__Material shown__.
□ □ □ □
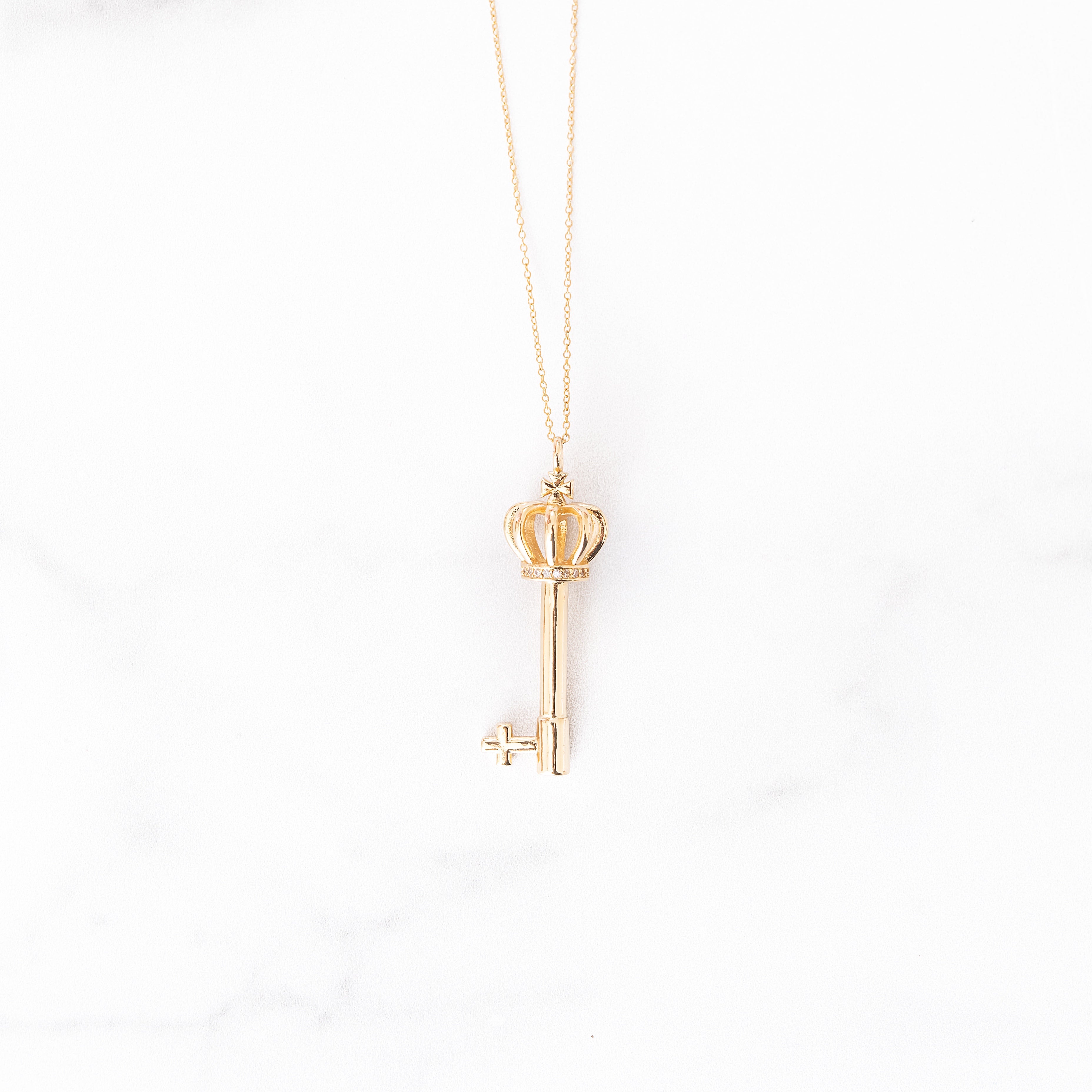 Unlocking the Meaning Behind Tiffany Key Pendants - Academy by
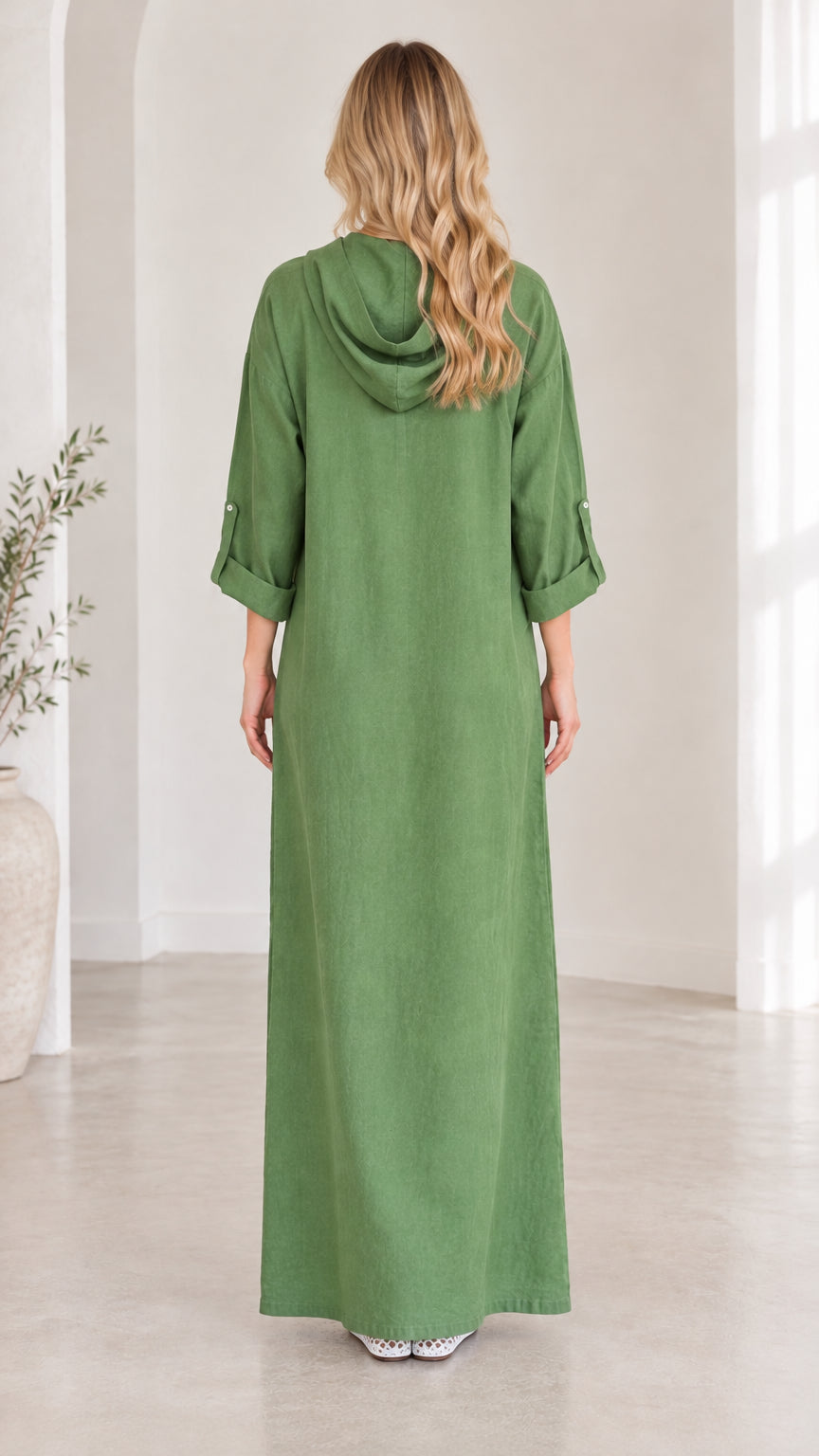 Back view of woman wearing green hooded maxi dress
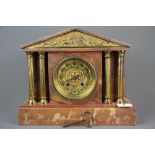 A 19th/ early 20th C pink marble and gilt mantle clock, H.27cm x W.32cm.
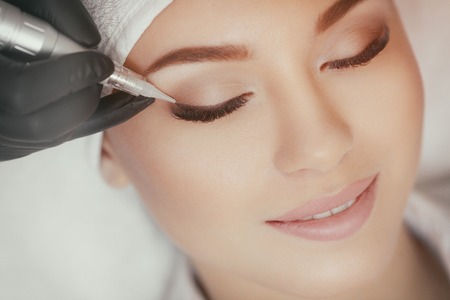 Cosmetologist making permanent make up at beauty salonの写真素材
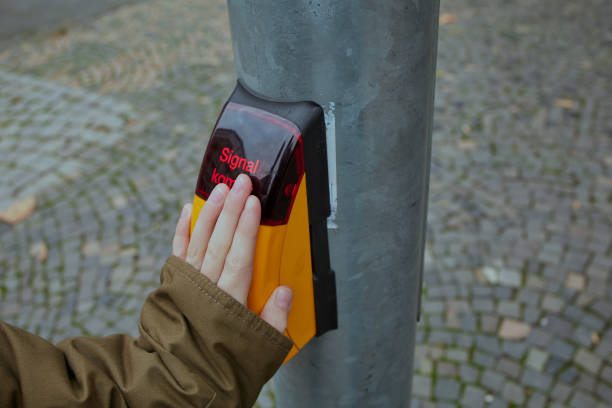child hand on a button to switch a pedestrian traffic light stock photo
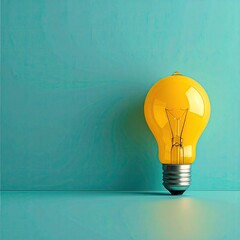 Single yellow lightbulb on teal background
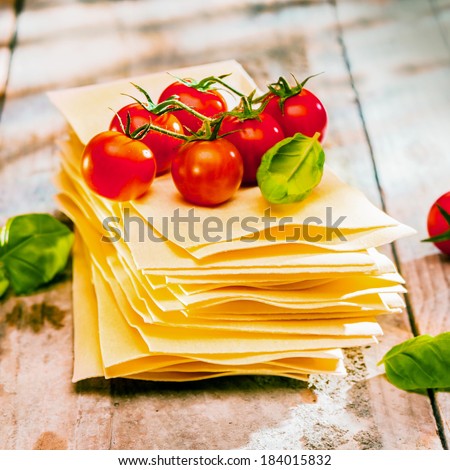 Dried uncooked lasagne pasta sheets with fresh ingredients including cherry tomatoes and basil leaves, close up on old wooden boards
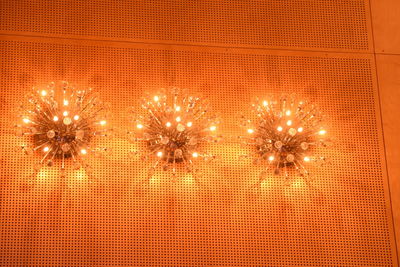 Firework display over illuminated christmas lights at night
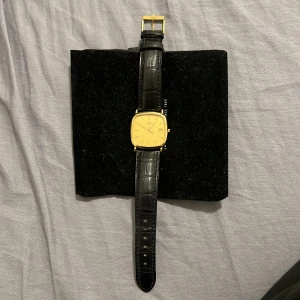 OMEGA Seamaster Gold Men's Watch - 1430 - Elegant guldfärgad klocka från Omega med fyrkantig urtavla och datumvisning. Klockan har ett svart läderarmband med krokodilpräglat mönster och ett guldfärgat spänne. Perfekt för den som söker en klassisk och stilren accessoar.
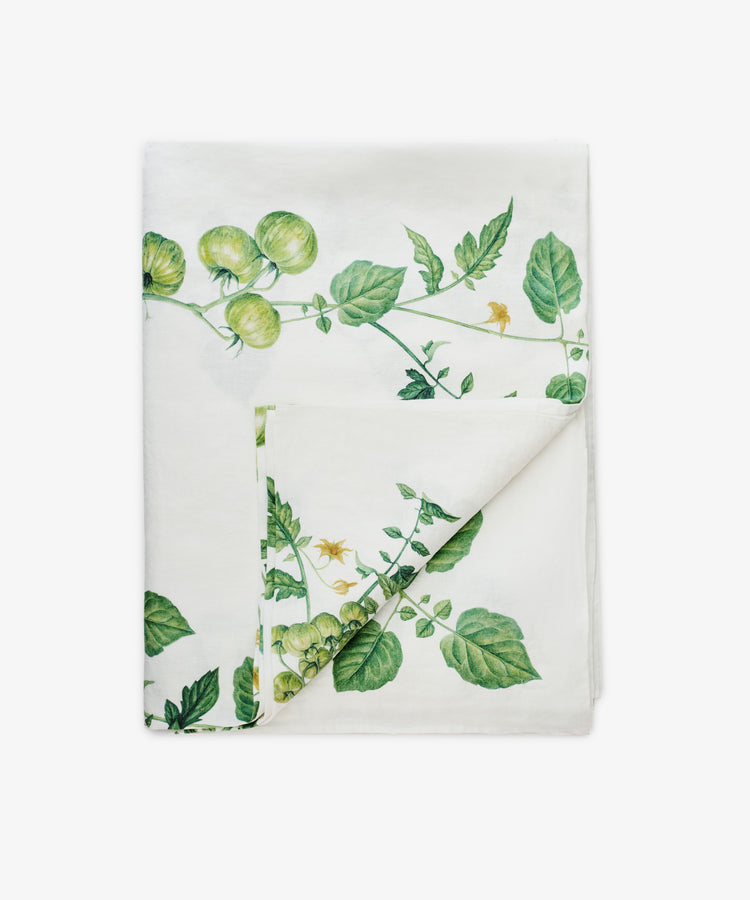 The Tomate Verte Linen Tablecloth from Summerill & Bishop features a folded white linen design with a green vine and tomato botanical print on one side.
□ □ □ □
__Exercise directions__.
Once the pictures are set aside, copy the remaining text of every entry exactly.

__Exercise output__.
 Unlocking the Meaning Behind Tiffany Key Pendants - Academy by
 Back view of woman wearing green hooded maxi dress
 A 19th/ early 20th C pink marble and gilt mantle clock, H.27cm x W.32cm.
 Cosmetologist making permanent make up at beauty salonの写真素材
child hand on a button to switch a pedestrian traffic light stock photo
 Single yellow lightbulb on teal background
 Dried uncooked lasagne pasta sheets with fresh ingredients including cherry tomatoes and basil leaves, close up on old wooden boards
 Firework display over illuminated christmas lights at night
 OMEGA Seamaster Gold Men's Watch - 1430 - Elegant guldfärgad klocka från Omega med fyrkantig urtavla och datumvisning. Klockan har ett svart läderarmband med krokodilpräglat mönster och ett guldfärgat spänne. Perfekt för den som söker en klassisk och stilren accessoar.
 The Tomate Verte Linen Tablecloth from Summerill & Bishop features a folded white linen design with a green vine and tomato botanical print on one side.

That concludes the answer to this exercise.